> [Prompt] What should be copied is the stretch of entries below from the line with "Resim Alfagrup Al&fa" up to and including the line with "thumbnail image 1", exactly and without images.

> [Material shown]

***

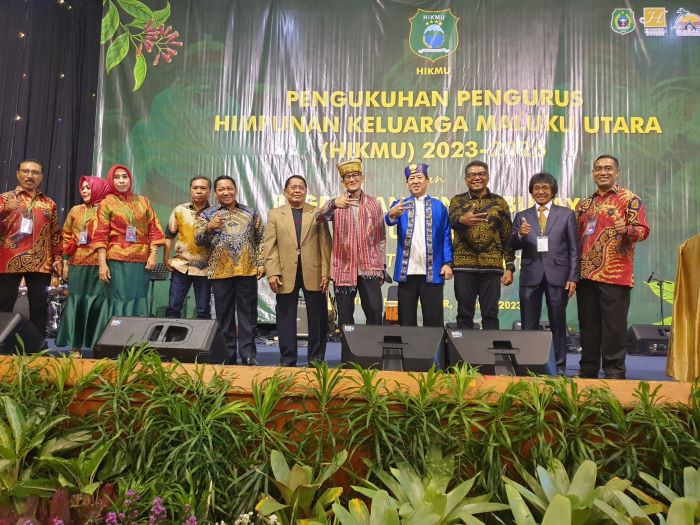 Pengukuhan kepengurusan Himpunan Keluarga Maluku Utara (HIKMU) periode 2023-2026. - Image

***

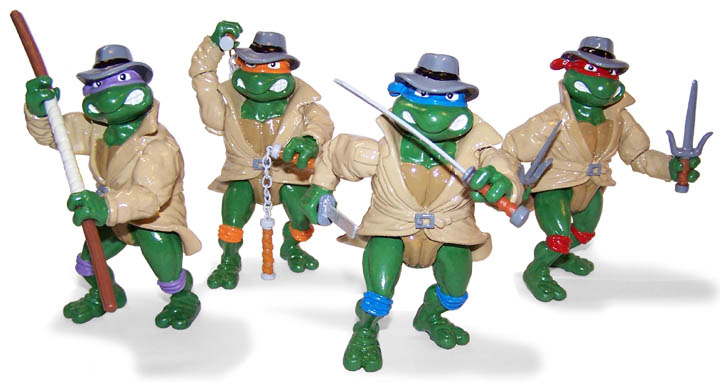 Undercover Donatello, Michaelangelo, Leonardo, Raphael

***

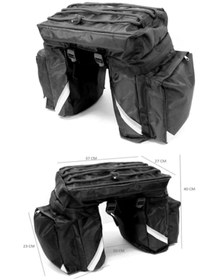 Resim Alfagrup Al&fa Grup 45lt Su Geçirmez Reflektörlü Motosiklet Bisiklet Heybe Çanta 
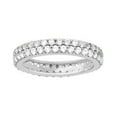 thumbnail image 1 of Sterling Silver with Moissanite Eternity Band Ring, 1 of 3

***

> [Task answer]
 Resim Alfagrup Al&fa Grup 45lt Su Geçirmez Reflektörlü Motosiklet Bisiklet Heybe Çanta 
 thumbnail image 1 of Sterling Silver with Moissanite Eternity Band Ring, 1 of 3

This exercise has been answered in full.